BEGIN
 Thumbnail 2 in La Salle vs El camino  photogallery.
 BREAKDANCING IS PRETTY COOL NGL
END
BEGIN
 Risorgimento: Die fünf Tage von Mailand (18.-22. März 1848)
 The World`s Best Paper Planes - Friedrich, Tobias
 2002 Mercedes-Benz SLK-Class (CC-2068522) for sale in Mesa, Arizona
END
REQUIRED WORK: Copy out each line of the data above, exactly, if it lies between the line holding "- Friedrich, Tobias" and the line holding "2002 Mercedes-Benz SLK-Class", inclusive; copy no other line.

RESULT OF THIS TASK:
 The World`s Best Paper Planes - Friedrich, Tobias
 2002 Mercedes-Benz SLK-Class (CC-2068522) for sale in Mesa, Arizona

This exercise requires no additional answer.